The Lady Ada, Countess of Lovelace(1815-1852) was the renowned daughter of The Lord Byron.

Otherwise known as Ada Lovelace, she is said to be the worlds first computer programmer, and has earned her place in robot and computing history as such. She used punched cards, and wrote programs for Charles Babbage’s Analytical Engine. The truth is that Charles Babbage probably deserves the title - as he would have programmed his computers first, and taught her how. His assistants and sons had programmed it before, making her probably the 5th or 6th programmer- this is still an impressive title.

She is seen as the Founder of Scientific Computing.

Born in Picadilly, Middlesex (Now in London) England, December 10, 1815, She was raised by her mother, Anne Isabelle Milbanke and never met her father. She was conceived during a brief marriage between The Lord Byron and her mother. Five weeks after Ada was born Lady Byron asked for a separation from Lord Byron. Byron left England four months after her birth, and was never to return from Greece(where he passed away in 1823 when she was at the age of 8).

It was the Lady Byron(now her mothers title) who ensured her daughter had an education of analytical science and mathematics - as she was afraid her daughter would become a poet. This background granted her a future with Babbage’s machine.

At a mere 17 years old, She was introduced to Mary Somerville, a remarkable mathematician who translated LaPlace’s works into English, and whose texts were used at Cambridge.

Mrs. Somerville encouraged Ada in her mathematical studies and become a mentor and role model for the girl.

It was through Mrs. Somerville she met her husband, Lord William King.

At a dinner party at Mrs. Somerville’s, in November, 1834, Ada heard Babbage’s ideas for a new calculating engine, the Analytical Engine. It was her interest in the machine that started their lifelong friendship, which was one of historical importance from that moment on.

A great deal of her mathematical ability was taught by this great algebraic genius.
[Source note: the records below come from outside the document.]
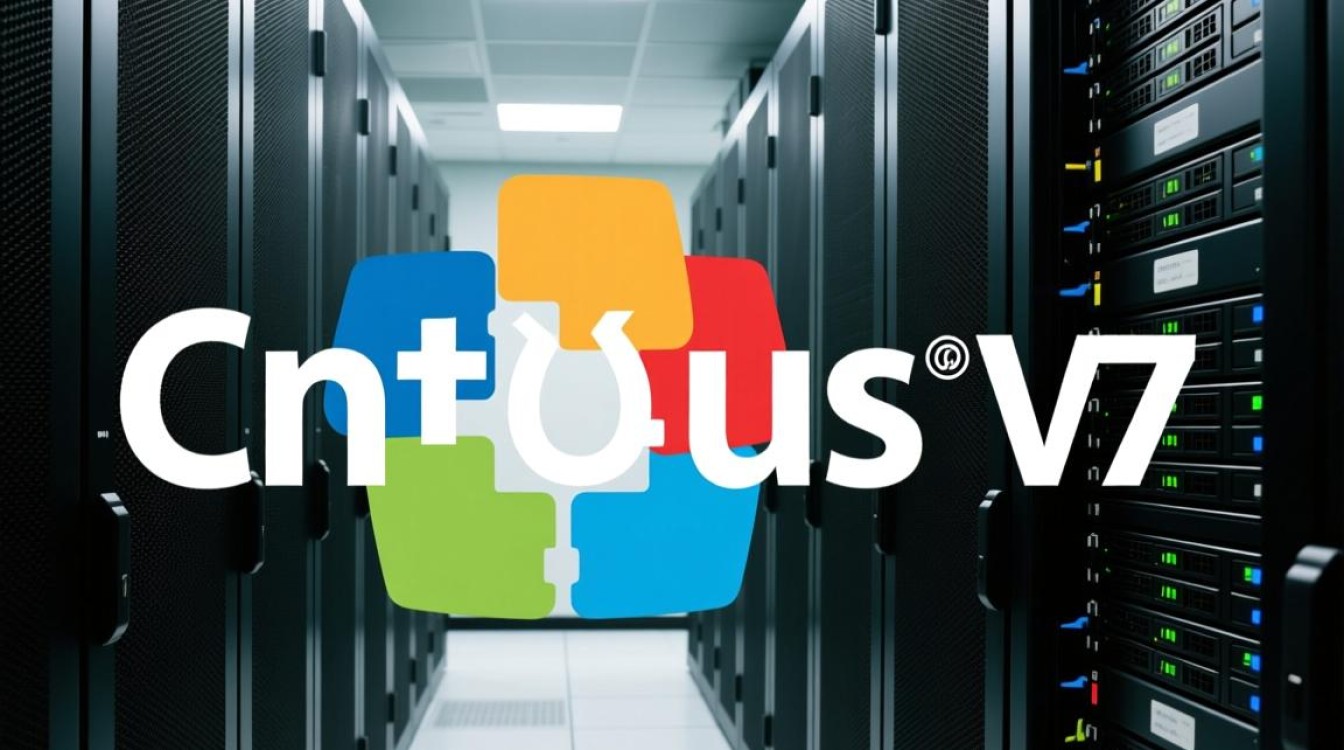 centos el5的yum源都失效了，要如何配置才能安装软件？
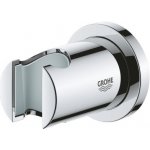 GROHE 27074000 – Zboží Dáma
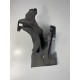 Aparatoare noroi dreapta fata VOLVO S90 V90 V90CC XC90 XC60 32369177 Aparatoare noroi dreapta fata VOLVO S90 V90 V90CC XC90 XC60 32369177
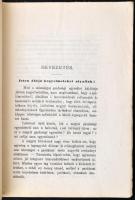 Okszerű és hasznos bortermelés kézi könyve különös figyelemmel Zalamegye helyi viszonyaira. Nagy-Kan...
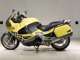 Фото BMW K1200R S 2018 с японского аукциона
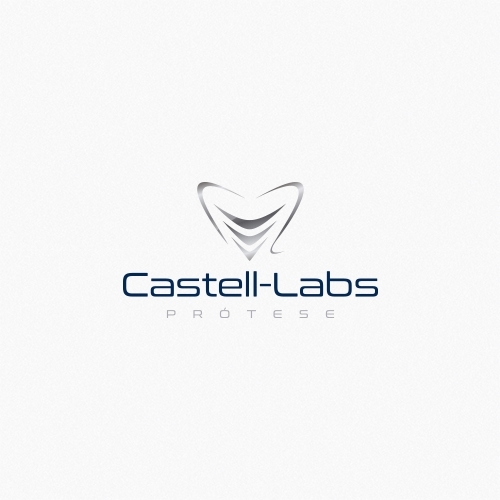 Comprar Logo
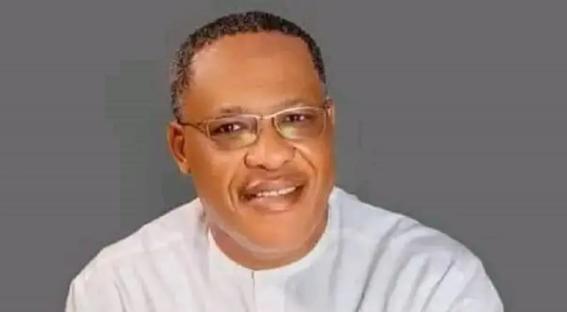 New National Chairman: Labour Party will be strong alternative in Nigeria – Lawmaker, Aguocha
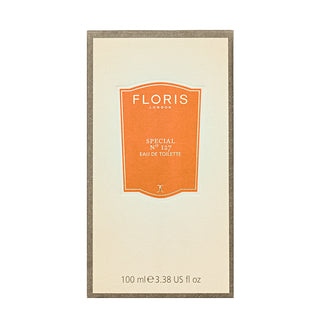 Floris London - Special No. 127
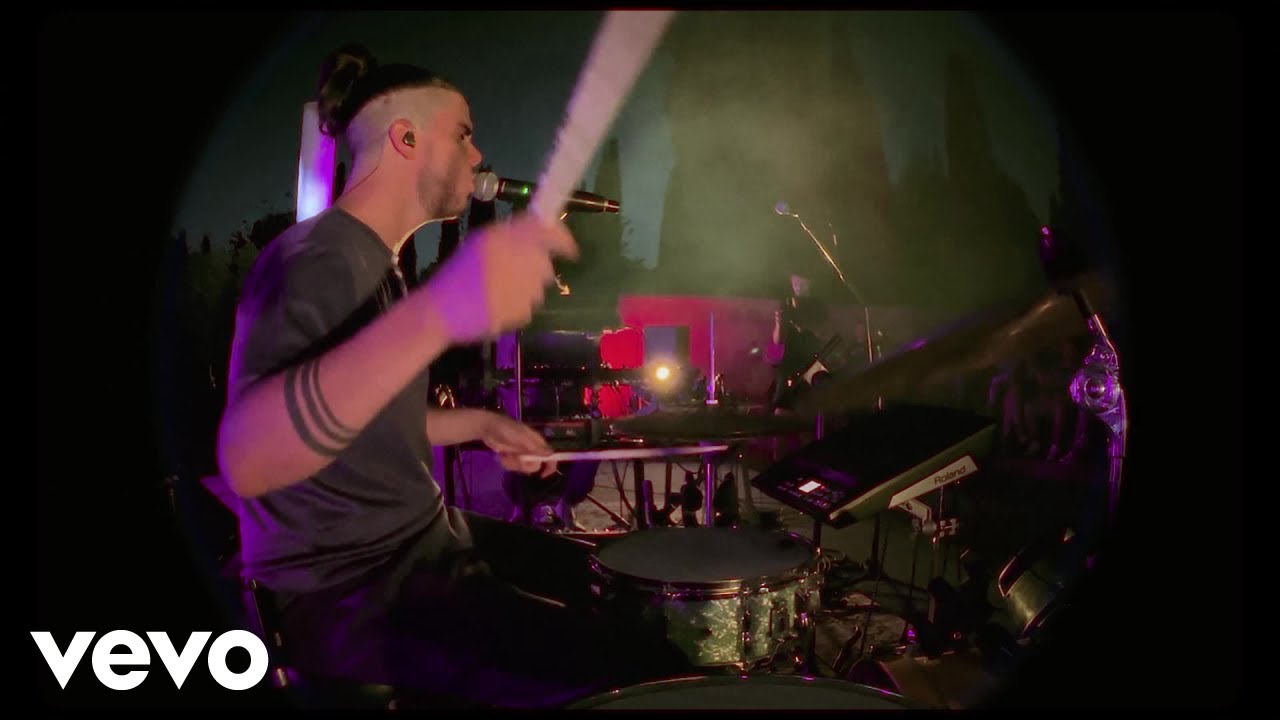 PURPURA - LUZ DEL SOL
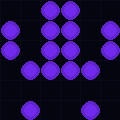 210.3.20.227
Later when his second machine, the Analytical Engine was created - she was to be the programmer and visionary behind seeing it through.

She called herself an “Analyst (& Metaphysician)” which she put on all her notes.

Together, Her and Babbage had come up with what they considered an “infallible system” for beating the odds at the horse races. Babbage needed money to fund the construction of his engine; Lovelace was simply a compulsive gambler - sadly the system failed- leaving had massive debts and scandal.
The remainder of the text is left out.